PROMPT
Repeat, exactly and in full, the lines of the listing below, but without any pictures.

DATA SUPPLIED
- - - - - - -
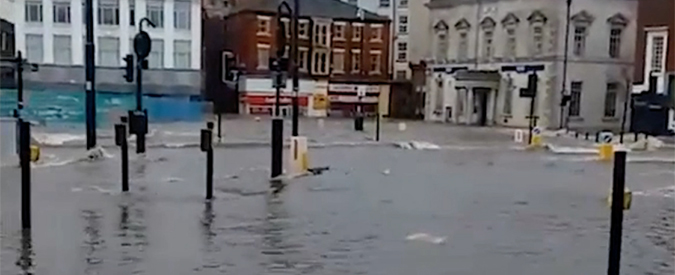 Copertina di Il Nord dell’Inghilterra è sott’acqua. Londra manda l’Esercito per far fronte alle inondazioni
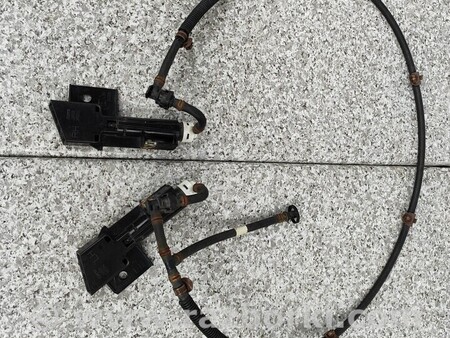 ФОТО Форсунка омывателя фары передней правая для Mazda 6 GH (2008-...) Киев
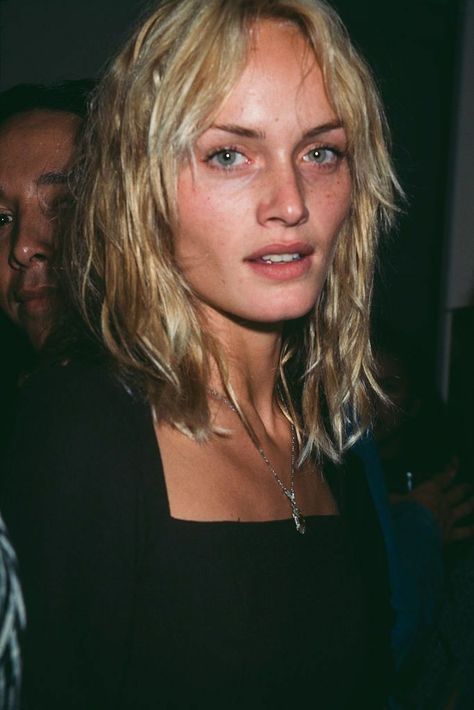 American Top Model, Surfergirl Style, Amber Valletta, 90s Supermodels, Surfer Girl Style, 90s Models, Linda Evangelista, Christy Turlington, Naomi Campbell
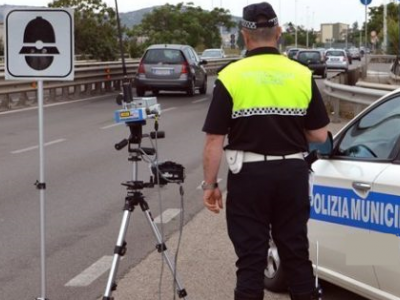 Altro “Stop” della Cassazione agli autovelox. Nulla la multa perché la strada non è «urbana a scorrimento» se non c’è banchina e marciapiede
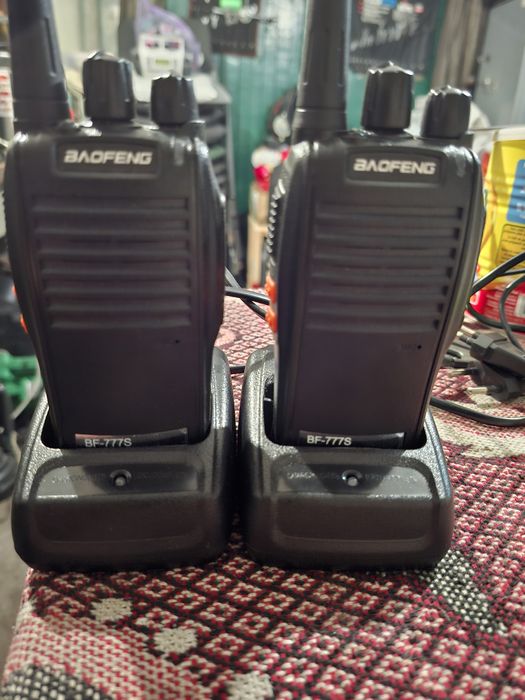 Продам нові радіостанції.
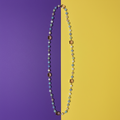 Collana cristalli azzurri su sfondo viola e giallo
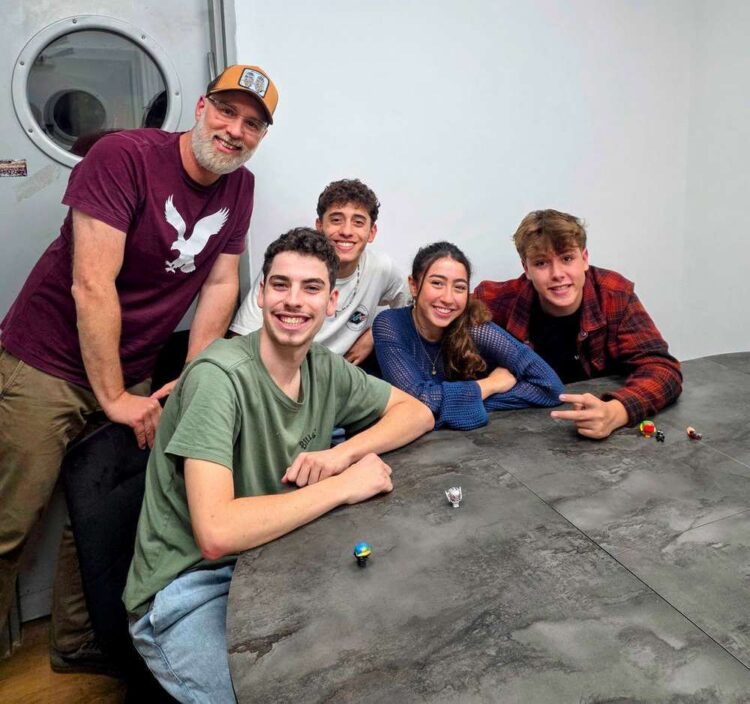 מימין לשמאל שחקני ההצגה פיטר פן: יהלי ווטסון, דנה בן סימון, נועם סמואל, הראל גרינפלד ואודי סלנט (עורך ראשי אתר הרצליה היום)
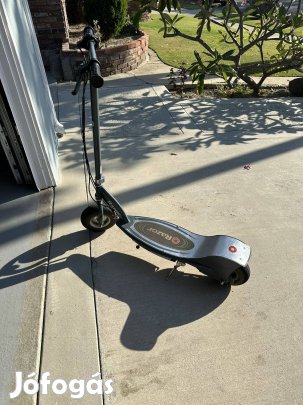 Razor E300 elektromos roller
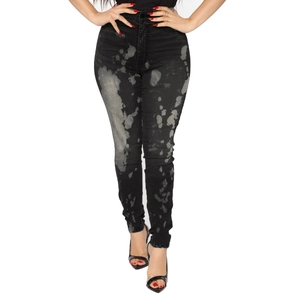 Detailansicht der High-Waist-Stretch-Jeans mit grauer Acid-Wash-Waschung auf schwarzem Stoff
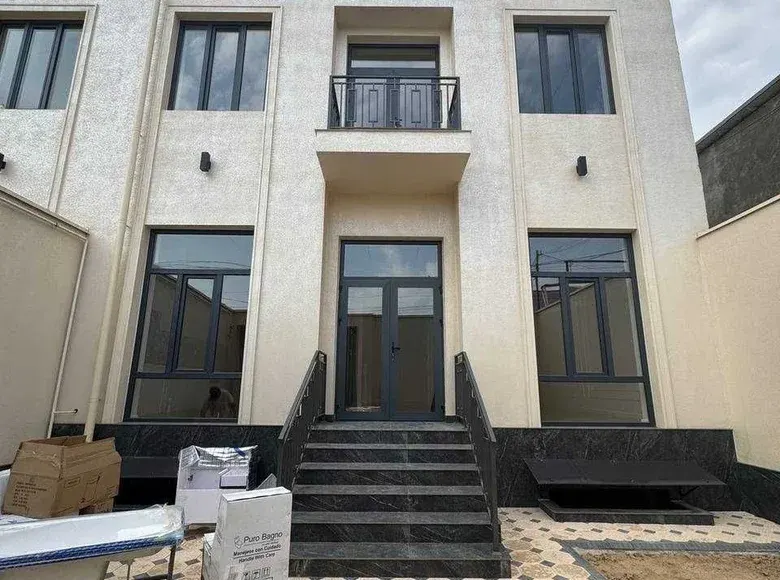Sotiladi 5 xonali hovli uy, 1.3 sotix, 150 m² — Sergeli tumani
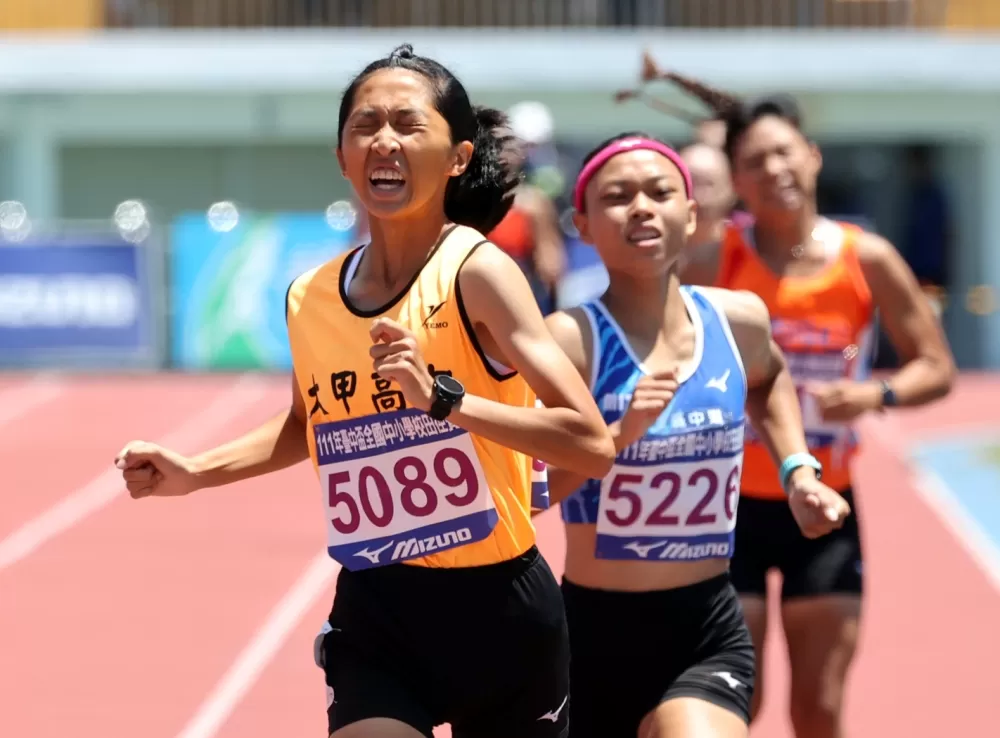 大甲高中林芯褕（前）爆冷打敗常勝軍陳潔安超激動。林嘉欣／攝影。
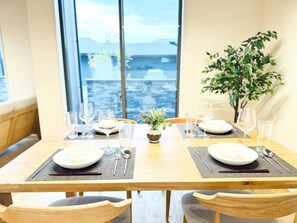 Dining - Akikawa Koshi 11 | 15 min to TSMC | Entire Hinoki 4LDK House | Up to 6 Guests (合志市)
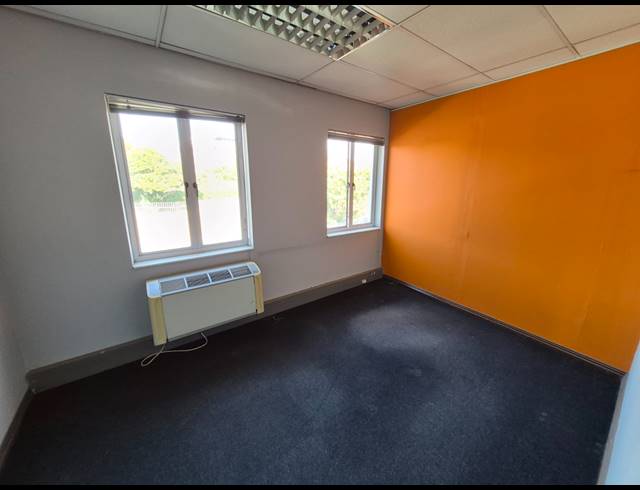 251M² OFFICE TO LET IN RIVONIA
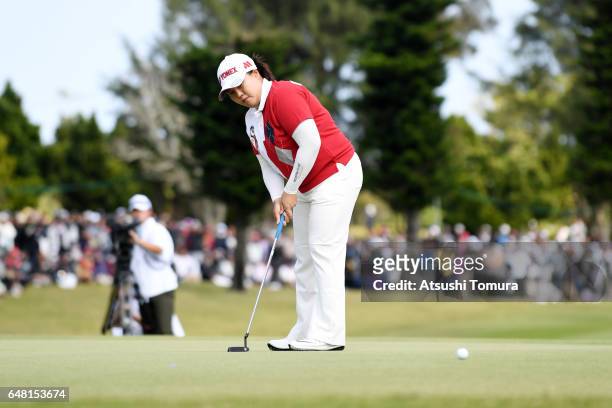 Sun-Ju Ahn of South Korea putts to win the Daikin Orchid Ladies Golf Tournament at the Ryukyu Golf Club on March 5, 2017 in Nanjo, Japan.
- - - - - - -
EXERCISE SOLUTION
 Copertina di Il Nord dell’Inghilterra è sott’acqua. Londra manda l’Esercito per far fronte alle inondazioni
 ФОТО Форсунка омывателя фары передней правая для Mazda 6 GH (2008-...) Киев
 American Top Model, Surfergirl Style, Amber Valletta, 90s Supermodels, Surfer Girl Style, 90s Models, Linda Evangelista, Christy Turlington, Naomi Campbell
 Altro “Stop” della Cassazione agli autovelox. Nulla la multa perché la strada non è «urbana a scorrimento» se non c’è banchina e marciapiede
 Продам нові радіостанції.
 Collana cristalli azzurri su sfondo viola e giallo
 מימין לשמאל שחקני ההצגה פיטר פן: יהלי ווטסון, דנה בן סימון, נועם סמואל, הראל גרינפלד ואודי סלנט (עורך ראשי אתר הרצליה היום)
 Razor E300 elektromos roller
 Detailansicht der High-Waist-Stretch-Jeans mit grauer Acid-Wash-Waschung auf schwarzem Stoff
Sotiladi 5 xonali hovli uy, 1.3 sotix, 150 m² — Sergeli tumani
 大甲高中林芯褕（前）爆冷打敗常勝軍陳潔安超激動。林嘉欣／攝影。
 Dining - Akikawa Koshi 11 | 15 min to TSMC | Entire Hinoki 4LDK House | Up to 6 Guests (合志市)
 251M² OFFICE TO LET IN RIVONIA
 Sun-Ju Ahn of South Korea putts to win the Daikin Orchid Ladies Golf Tournament at the Ryukyu Golf Club on March 5, 2017 in Nanjo, Japan.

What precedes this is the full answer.